Send In the Clowns

Baritone George Gagnidze as Alfio, with his break-dancing buddies. | CORY WEAVER/ METROPOLITAN OPERA

Baritone George Gagnidze as Alfio, with his break-dancing buddies. | CORY WEAVER/ METROPOLITAN OPERA

BY ELI JACOBSON | Though “Send in the Clowns” is Sondheim’s most popular song, very few people understand the significance of the title. It was generally thought to be a circus reference — whenever an accident or injury occurs in the ring, the ringmaster will send in the clowns to divert the audience’s attention. However, Sondheim in a 1990 interview said that the actress Desirée uses this theatrical catchphrase alluding to her own failed love life: “[I]t’s a theater reference meaning ‘if the show isn’t going well, let’s send in the clowns’; in other words, ‘let’s do the jokes.’”
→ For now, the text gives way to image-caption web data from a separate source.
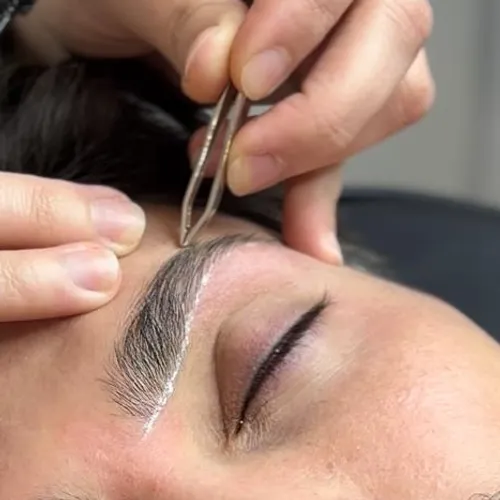Diseño y perfilado de cejas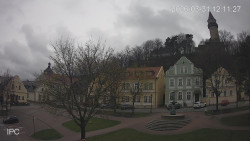 Náměstí, Hrad a Trůba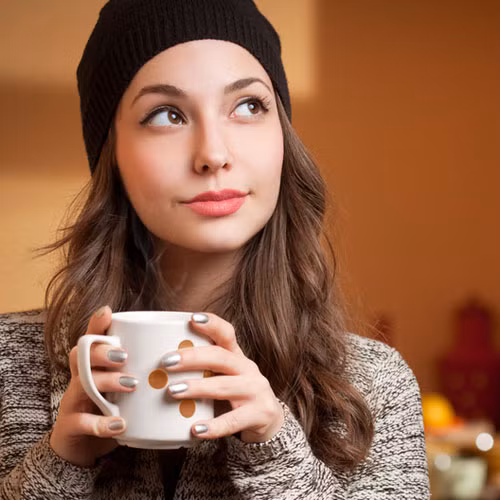 Ngắm ảnh bản thân. Nghe có vẻ như khá kỳ cục nhưng thực tế là ngắm ảnh của chính mình mỗi khi thèm ăn là cách bạn tự nhắc nhở bản thân rằng ăn nhiều sẽ khiến tăng cân.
David McVicar’s new Metropolitan Opera production of Mascagni’s “Cavalleria Rusticana” and Leoncavallo’s “I Pagliacci” flopped in Act One but turned into a hit after intermission with the addition of chicken puppets, dancing acrobats, and vaudeville routines (combined with searing melodrama and murder — “La commedia é finita”).

McVicar explained that the traditionally paired verismo one-acters are in his perception very dissimilar — “I Pagliacci” being the more musically and dramatically sophisticated of the two. The English director set both operas in the central piazza of the same Southern Italian town some 40 years apart — “Cavalleria” at the turn of the 20th century and “Pagliacci” just after World War II. In “Cavalleria,” the open curtain reveals towering stone walls in the background shrouded in stygian darkness with a brilliantly lit bare wood platform center stage (designed by Rae Smith). As Turiddu serenades Lola offstage, the chorus files in dressed in black and sit in wooden chairs surrounding the central platform. They silently stare down in judgment on the town pariah Santuzza, who stands alone center stage. The mood suggested not a sunny Easter morning in Sicily but something out of a Lorca tragedy like “Blood Wedding” or “The House of Bernarda Alba.” I began to buy into this concept — starkly minimalist, stripped down stylized tragedy — until the opening chorus, when the central platform began to rotate.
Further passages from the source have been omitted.